Pongara National Park (French: Parc national de Pongara) is a national park in Gabon, located near the capital, Libreville, on the south side of the Gabon Estuary and the Atlantic Ocean. Covering an area of 929km^{2}, the national park is composed chiefly of moist tropical forests and mangrove forests.

==Description==
Pongara National Park is situated on the southern side of the Gabon Estuary and covers an area of 96302 hectare. The site is predominantly forested and encompasses various habitats, including mangrove forest, swamp forest, riverine forest, and seasonally-inundated forest. Additionally, there is a long strip of sandy beach area and some grassy savanna within the park.
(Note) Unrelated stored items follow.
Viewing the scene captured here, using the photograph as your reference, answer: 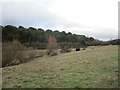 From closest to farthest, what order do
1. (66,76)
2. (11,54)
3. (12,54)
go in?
(66,76) → (11,54) → (12,54)

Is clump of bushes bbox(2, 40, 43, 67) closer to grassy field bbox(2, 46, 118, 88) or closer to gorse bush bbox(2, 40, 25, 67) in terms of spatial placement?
gorse bush bbox(2, 40, 25, 67)

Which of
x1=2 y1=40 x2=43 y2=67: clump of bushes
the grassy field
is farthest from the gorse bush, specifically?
the grassy field

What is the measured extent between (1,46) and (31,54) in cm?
547

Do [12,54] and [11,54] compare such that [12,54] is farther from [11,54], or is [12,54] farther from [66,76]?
[66,76]

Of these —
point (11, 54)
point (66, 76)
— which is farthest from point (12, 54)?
point (66, 76)

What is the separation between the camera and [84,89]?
3.70m

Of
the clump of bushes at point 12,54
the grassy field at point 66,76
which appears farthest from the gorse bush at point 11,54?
the grassy field at point 66,76

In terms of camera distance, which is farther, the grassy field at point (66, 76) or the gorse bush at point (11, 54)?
the gorse bush at point (11, 54)

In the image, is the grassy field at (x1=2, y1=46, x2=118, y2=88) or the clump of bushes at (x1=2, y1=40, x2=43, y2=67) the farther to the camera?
the clump of bushes at (x1=2, y1=40, x2=43, y2=67)

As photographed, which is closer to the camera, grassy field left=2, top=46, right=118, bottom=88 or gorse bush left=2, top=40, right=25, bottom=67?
grassy field left=2, top=46, right=118, bottom=88

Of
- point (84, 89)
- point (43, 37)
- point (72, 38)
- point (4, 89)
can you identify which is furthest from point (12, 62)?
point (72, 38)

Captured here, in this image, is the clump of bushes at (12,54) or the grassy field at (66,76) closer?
the grassy field at (66,76)

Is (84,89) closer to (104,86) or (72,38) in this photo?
(104,86)

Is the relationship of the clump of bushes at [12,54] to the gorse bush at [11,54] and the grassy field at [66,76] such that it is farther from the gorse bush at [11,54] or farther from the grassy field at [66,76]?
the grassy field at [66,76] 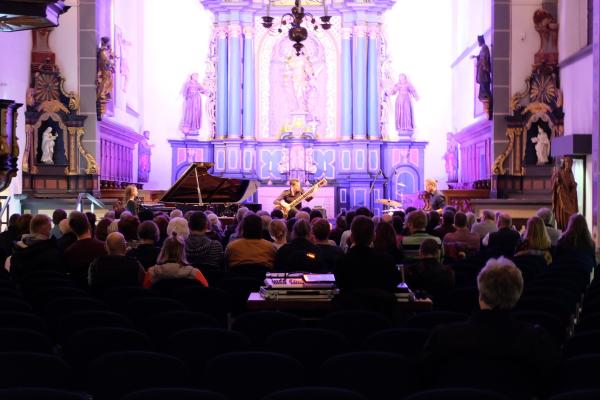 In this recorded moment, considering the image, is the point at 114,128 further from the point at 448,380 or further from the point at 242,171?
the point at 448,380

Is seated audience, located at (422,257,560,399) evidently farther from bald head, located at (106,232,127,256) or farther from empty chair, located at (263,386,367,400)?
bald head, located at (106,232,127,256)

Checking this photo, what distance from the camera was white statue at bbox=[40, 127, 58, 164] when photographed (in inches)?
788

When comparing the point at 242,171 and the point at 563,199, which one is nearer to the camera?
the point at 563,199

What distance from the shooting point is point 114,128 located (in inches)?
901

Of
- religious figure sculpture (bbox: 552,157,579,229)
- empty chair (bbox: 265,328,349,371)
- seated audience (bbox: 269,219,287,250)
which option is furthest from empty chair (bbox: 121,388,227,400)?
religious figure sculpture (bbox: 552,157,579,229)

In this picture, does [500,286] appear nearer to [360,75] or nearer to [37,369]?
[37,369]

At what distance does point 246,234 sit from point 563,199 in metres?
10.0

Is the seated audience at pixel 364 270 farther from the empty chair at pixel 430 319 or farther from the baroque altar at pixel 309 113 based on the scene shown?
the baroque altar at pixel 309 113

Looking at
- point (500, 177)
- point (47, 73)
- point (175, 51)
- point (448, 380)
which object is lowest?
point (448, 380)

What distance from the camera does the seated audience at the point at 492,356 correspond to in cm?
419

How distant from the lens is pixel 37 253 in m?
8.72

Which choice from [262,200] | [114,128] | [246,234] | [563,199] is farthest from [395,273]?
[262,200]

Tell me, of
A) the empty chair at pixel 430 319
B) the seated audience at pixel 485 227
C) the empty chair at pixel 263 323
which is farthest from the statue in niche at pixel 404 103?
the empty chair at pixel 263 323

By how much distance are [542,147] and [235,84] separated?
10.7 metres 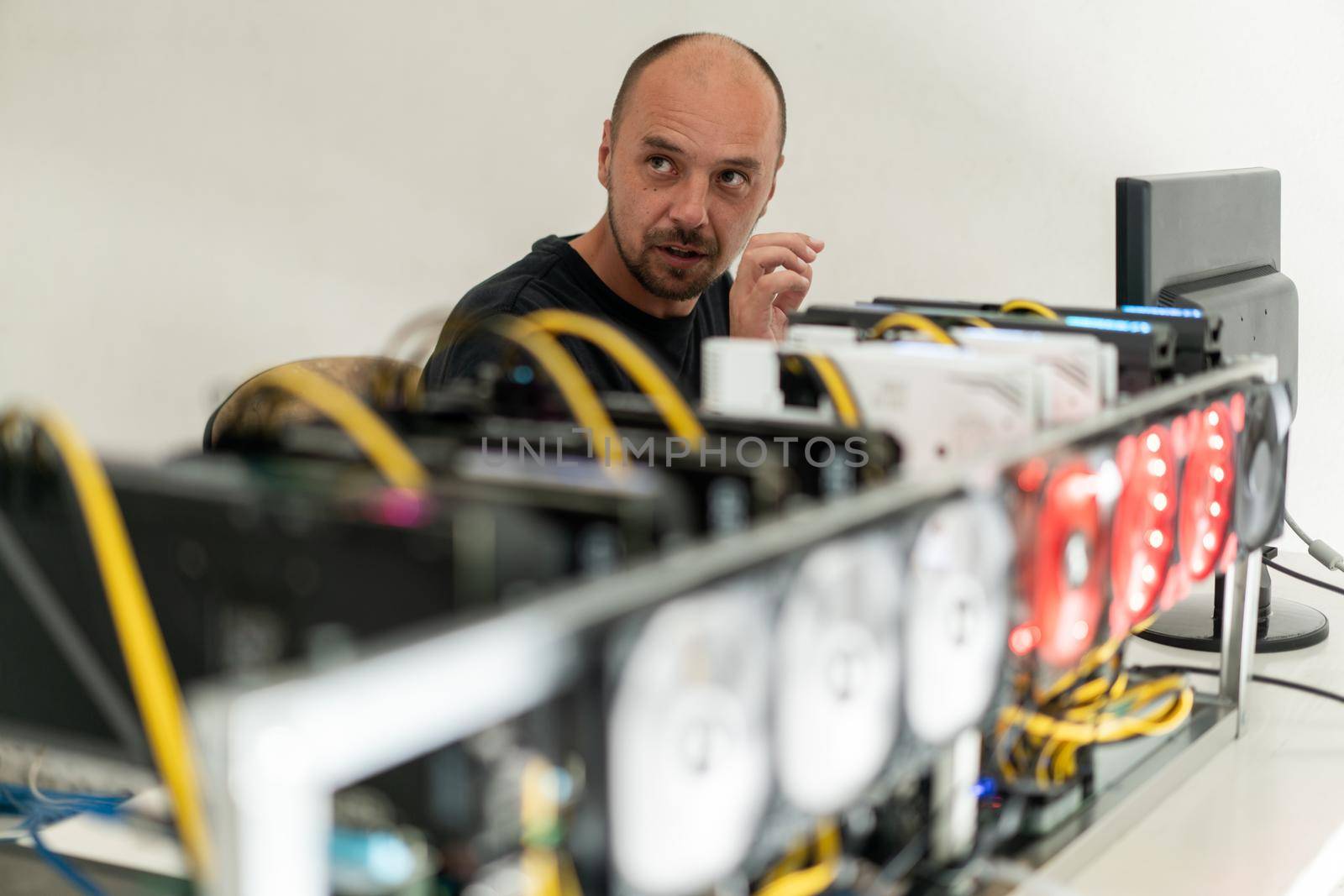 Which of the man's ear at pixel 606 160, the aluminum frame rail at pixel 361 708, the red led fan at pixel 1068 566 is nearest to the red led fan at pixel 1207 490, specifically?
the red led fan at pixel 1068 566

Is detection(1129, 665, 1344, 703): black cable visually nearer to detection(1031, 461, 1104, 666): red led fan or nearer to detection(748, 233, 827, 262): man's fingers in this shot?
detection(1031, 461, 1104, 666): red led fan

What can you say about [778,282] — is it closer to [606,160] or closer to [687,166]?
[687,166]

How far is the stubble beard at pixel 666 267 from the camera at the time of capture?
1879 mm

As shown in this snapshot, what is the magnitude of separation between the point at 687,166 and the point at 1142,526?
3.46 feet

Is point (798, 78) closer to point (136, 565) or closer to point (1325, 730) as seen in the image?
point (1325, 730)

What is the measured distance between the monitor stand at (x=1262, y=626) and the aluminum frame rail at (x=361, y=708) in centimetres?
102

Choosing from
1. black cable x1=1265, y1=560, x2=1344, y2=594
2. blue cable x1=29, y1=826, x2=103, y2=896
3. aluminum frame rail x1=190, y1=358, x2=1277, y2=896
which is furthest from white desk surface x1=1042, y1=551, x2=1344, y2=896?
blue cable x1=29, y1=826, x2=103, y2=896

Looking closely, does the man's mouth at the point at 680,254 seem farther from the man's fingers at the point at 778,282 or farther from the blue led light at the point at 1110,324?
the blue led light at the point at 1110,324

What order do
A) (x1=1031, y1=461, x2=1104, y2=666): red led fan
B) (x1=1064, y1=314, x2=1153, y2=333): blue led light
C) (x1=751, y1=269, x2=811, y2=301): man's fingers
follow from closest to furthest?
(x1=1031, y1=461, x2=1104, y2=666): red led fan < (x1=1064, y1=314, x2=1153, y2=333): blue led light < (x1=751, y1=269, x2=811, y2=301): man's fingers

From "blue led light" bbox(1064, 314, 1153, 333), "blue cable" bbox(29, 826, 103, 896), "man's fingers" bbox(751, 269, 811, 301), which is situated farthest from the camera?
"man's fingers" bbox(751, 269, 811, 301)

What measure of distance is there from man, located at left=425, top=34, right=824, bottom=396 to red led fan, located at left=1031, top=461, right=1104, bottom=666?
36.4 inches

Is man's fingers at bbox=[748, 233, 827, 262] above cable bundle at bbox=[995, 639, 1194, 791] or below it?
above

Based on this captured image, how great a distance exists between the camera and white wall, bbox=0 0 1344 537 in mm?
2518

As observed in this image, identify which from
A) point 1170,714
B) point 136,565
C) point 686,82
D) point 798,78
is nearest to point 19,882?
point 136,565
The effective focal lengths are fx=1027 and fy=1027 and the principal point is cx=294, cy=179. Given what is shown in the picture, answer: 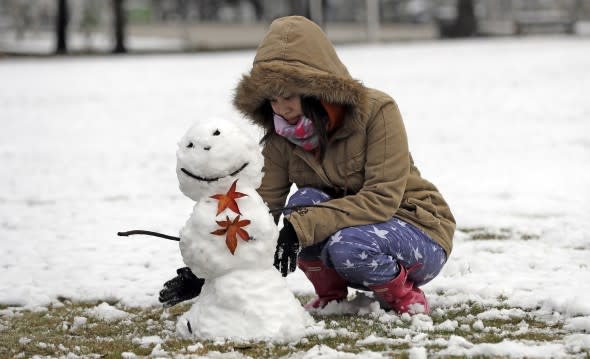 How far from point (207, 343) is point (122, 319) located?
34.0 inches

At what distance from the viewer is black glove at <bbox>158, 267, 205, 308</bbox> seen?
402 cm

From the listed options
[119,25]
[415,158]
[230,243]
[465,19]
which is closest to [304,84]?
[230,243]

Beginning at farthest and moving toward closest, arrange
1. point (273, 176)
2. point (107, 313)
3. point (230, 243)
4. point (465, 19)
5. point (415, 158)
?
point (465, 19) < point (415, 158) < point (107, 313) < point (273, 176) < point (230, 243)

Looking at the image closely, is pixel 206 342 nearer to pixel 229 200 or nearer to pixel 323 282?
pixel 229 200

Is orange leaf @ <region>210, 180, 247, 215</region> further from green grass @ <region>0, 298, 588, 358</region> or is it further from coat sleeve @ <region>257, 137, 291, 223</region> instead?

Several rivers, such as the River Remboué, the River Igombiné, and the River Gomgoué, flow through the park and empty into the estuary

==Flora==
The mangrove forests are dominated by Avicennia and Rhizophora species, and these and the golden leather fern (Acrostichum aureum) help stabilise the habitat and slow down water flow. People have been living here since at least the Neolithic era and gather timber, grow cassava and banana, and hunt and fish.

==Fauna==
Elephants, gorillas, monkeys, buffaloes, duikers and chimpanzees are present in the rainforest, Hawksbill sea turtles (Eretmochelys imbricata), green sea turtles (Chelonia mydas) and olive ridley sea turtle (Lepidochelys olivacea) visit the estuary and the beaches are used by leatherback sea turtles for breeding. A local conservation organisation monitors the female leatherback turtles as they come ashore to lay their eggs, tags them, guards the nests, operates a turtle hatchery and provides ecological education for the local populace. Many migratory birds visit the estuary and up to 10,000 waders overwinter there.